(Annotated photo localization data)
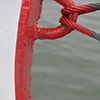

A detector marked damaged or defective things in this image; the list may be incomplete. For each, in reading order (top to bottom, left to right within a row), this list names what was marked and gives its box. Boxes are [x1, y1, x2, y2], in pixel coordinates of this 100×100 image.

rusty red paint [14, 0, 77, 100]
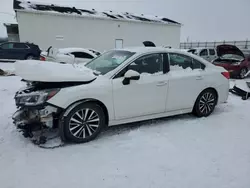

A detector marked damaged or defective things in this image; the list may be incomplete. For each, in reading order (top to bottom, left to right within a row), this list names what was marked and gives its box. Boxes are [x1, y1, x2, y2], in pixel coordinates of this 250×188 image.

shattered headlight [15, 89, 60, 106]
deployed damage on front end [12, 60, 96, 147]
crumpled hood [14, 59, 96, 81]
damaged white car [12, 47, 229, 145]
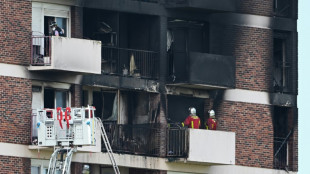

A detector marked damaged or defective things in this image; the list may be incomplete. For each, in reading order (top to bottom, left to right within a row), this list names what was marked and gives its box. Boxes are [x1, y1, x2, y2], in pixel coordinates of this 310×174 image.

burned balcony [28, 35, 101, 73]
burned balcony [101, 46, 160, 79]
burned balcony [168, 52, 236, 89]
charred window frame [272, 31, 294, 94]
burned balcony [102, 122, 162, 156]
burned balcony [167, 127, 235, 164]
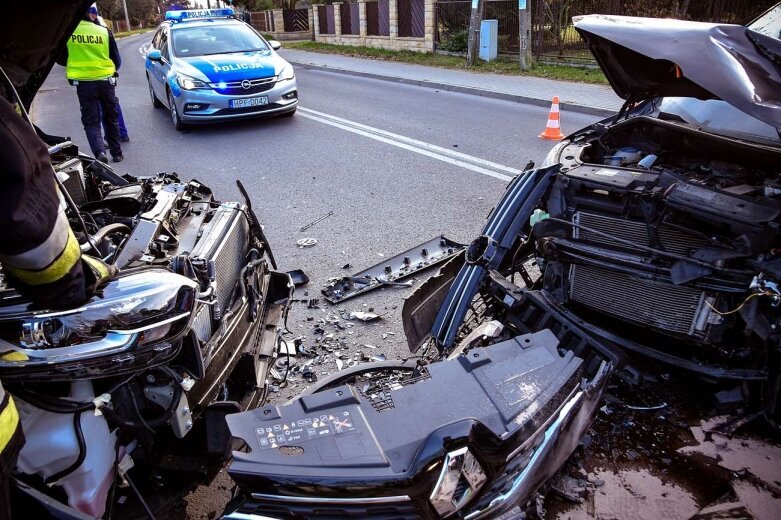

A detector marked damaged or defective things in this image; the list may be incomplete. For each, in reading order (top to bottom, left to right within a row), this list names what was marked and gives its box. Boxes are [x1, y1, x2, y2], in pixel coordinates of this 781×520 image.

crumpled hood [0, 0, 93, 106]
crumpled hood [175, 51, 278, 83]
crumpled hood [572, 13, 780, 129]
wrecked car [0, 2, 292, 516]
wrecked car [219, 8, 780, 520]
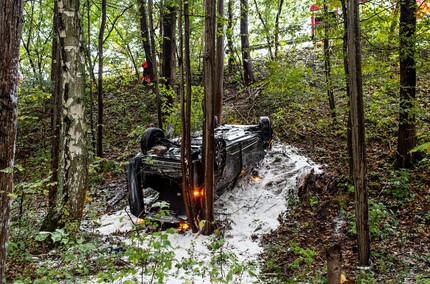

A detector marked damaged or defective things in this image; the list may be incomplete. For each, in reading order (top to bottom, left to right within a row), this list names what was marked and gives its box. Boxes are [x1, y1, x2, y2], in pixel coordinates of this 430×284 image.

overturned car [126, 116, 272, 223]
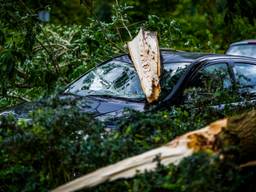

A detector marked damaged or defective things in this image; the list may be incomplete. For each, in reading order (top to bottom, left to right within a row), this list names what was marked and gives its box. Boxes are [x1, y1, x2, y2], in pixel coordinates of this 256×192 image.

crushed vehicle [1, 50, 256, 127]
splintered wood [127, 28, 161, 103]
crushed vehicle [226, 39, 256, 58]
splintered wood [52, 118, 228, 192]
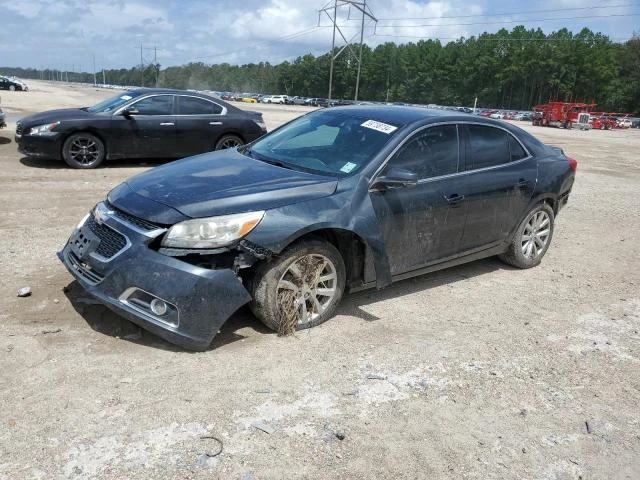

* **WHAT IS EXPECTED**
With the pictures left out, give again exactly the lines from the one with "this 256×192 image." through the end of the data, both included.

* **ANSWER SECTION**
A detector marked damaged or defective things in this image; the list may be incomplete. For each, in reading order (top to bottom, left to right within a row), this list names what was marked and gives its box. Boxes are [x1, y1, x2, y2], in pixel coordinates of this 256×192 image.

crushed vehicle [1, 50, 256, 127]
splintered wood [127, 28, 161, 103]
crushed vehicle [226, 39, 256, 58]
splintered wood [52, 118, 228, 192]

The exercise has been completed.